La conviction des fondateurs de la startup est simple : pour un marché aussi exigeant que le conseil, une IA générique ne suffit pas - même si tous les grands cabinets, ou presque, ont noué des accords avec OpenAI, Anthropic ou Mistral pour intégrer leurs outils à leurs process internes et les vendre à leurs clients.
Comme le résume Philippe Reynier, co-fondateur et CEO de Cigno, “des verticales entières réalisent que les LLMs génériques ne suffiront jamais, parce que la valeur n’est pas dans le modèle lui-même. Elle est dans la contextualisation des données, la souveraineté et la capacité à encoder la méthodologie propriétaire d’un cabinet”.
Pour lui, les outils généralistes échouent en effet sur trois points critiques : ils ne permettent pas de produire des livrables au niveau des exigences du conseil, ils ne permettent pas d'intégrer de manière sécurisée les données propriétaires des cabinets, et ils génèrent des résultats qui varient selon la façon dont chaque consultant formule sa requête.
Des workflows adaptés aux méthodologies des cabinets
D’où la création d’une infrastructure verticale capable d'accompagner un consultant, quel que soit son niveau, de la phase de recherche jusqu'à la production du livrable final. La plateforme orchestre des centaines d'agents spécialisés à travers des workflows qui reprennent les méthodologies propres à chaque cabinet.
Concrètement, un consultant peut lancer un projet, définir le type de livrable attendu (recommandation stratégique, proposition commerciale, analyse sectorielle, etc…), et Cigno produit en quelques minutes une version aboutie à 70%, directement alignée sur les standards visuels et méthodologiques du cabinet. “Notre solution permet de refléter la méthodologie du cabinet de manière répétable et structurée, en étant connectée aux bases de données internes,” explique Philippe Reynier.
Le choix d’une “souveraineté by design”
Sur la sécurité des données, Cigno a fait le choix d'une architecture hébergée chez Scaleway, la filiale cloud du groupe Iliad de Xavier Niel. L'indexation de la base de connaissances interne des cabinets reste dans cet environnement. Lorsqu'un modèle externe est nécessaire, la plateforme utilise une approche de "chunking" anonymisé : seules des briques d'information largement dépersonnalisées sont envoyées.
En outre, la flotte de modèles de Cigno compte 80 LLM, dont des modèles européens open-weight, permettant aux cabinets de rester en total contrôle de leurs données, y compris au niveau des modèles utilisés.

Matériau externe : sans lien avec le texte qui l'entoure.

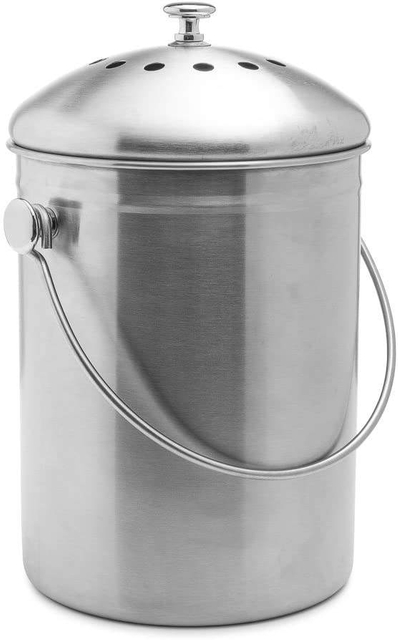 Poubelle à compost de cuisine pour comptoir de cuisine 1,3 gallon en acier inoxydable avec 1 bac à compost de filtre à charbon de rechange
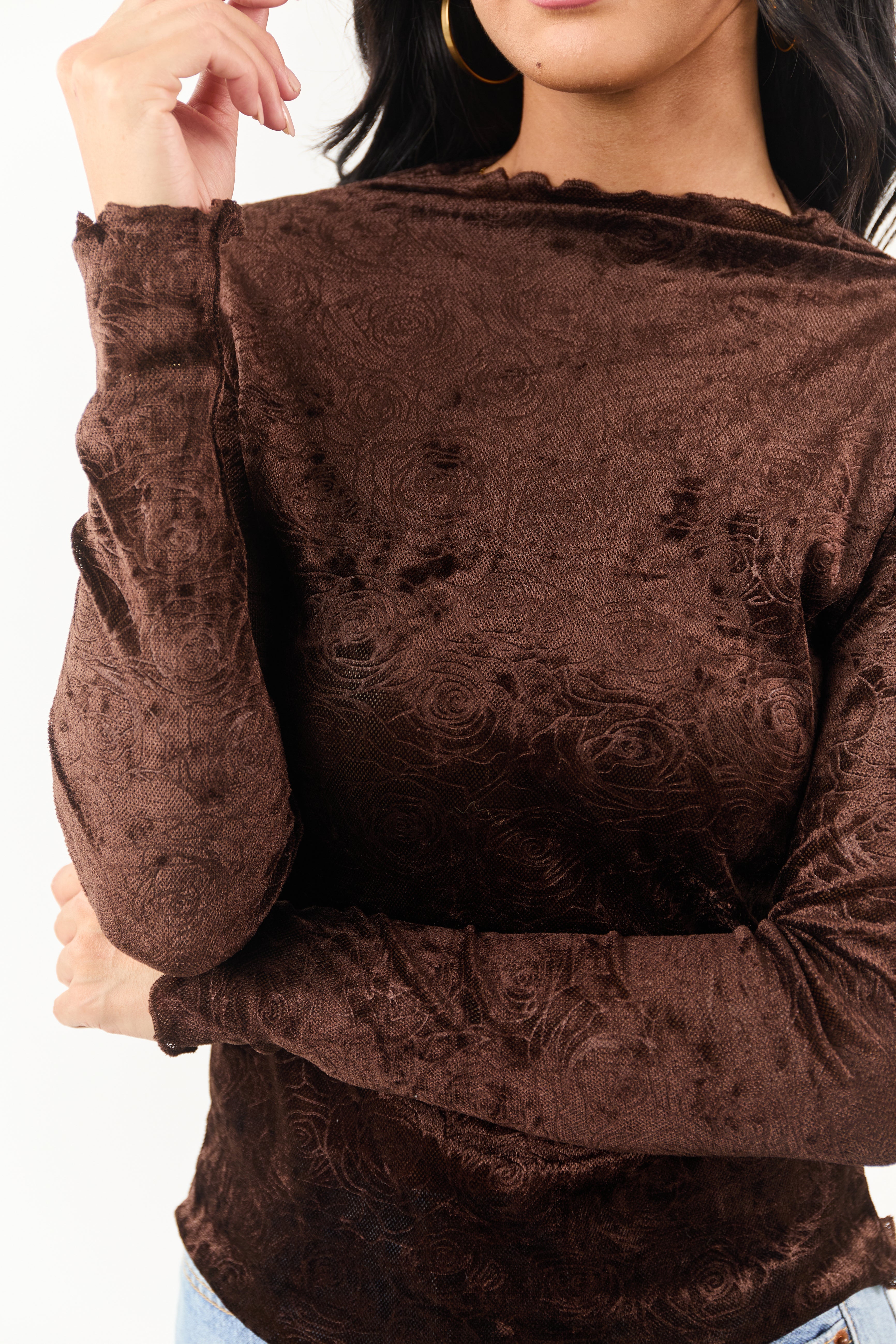 Cocoa Rose Velvet Textured Mesh Long Sleeve Top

Une solution co-conçue avec des consultants
Avant la levée, Cigno a organisé de nombreux workshops de co-design avec des dirigeants de cabinets et des consultants indépendants. Cette approche a permis de construire à la fois un produit ancré dans les usages réels et une première base d'utilisateurs convaincus, dans un contexte où le fonctionnement même des cabinets de conseil et leur proposition de valeur se trouvent bousculés par l’accélération de l’intelligence artificielle.
L'équipe compte déjà une dizaine de personnes, dont trois co-fondateurs : Philippe Reynier (CEO, ex-BCG et UBS), Nicolas Lagrèze (COO, ex-EY et BearingPoint) et Vahan Avetisyan (CTO avec plus de 20 ans d'expérience en plateformes data et IA).
Des pilotes sont en cours en France, au Royaume-Uni et en Suisse. Avec cette première levée, la startup peut maintenant passer à la phase de commercialisation de sa solution, tout en poursuivant sa roadmap de développement produit. "Notre enjeu, c'est d'avoir les meilleurs ingénieurs possible sur le produit et de continuer à le faire évoluer, pour avoir un effet “waouh” immédiat à chaque fois qu'on le lance”, conclut Philippe Reynier.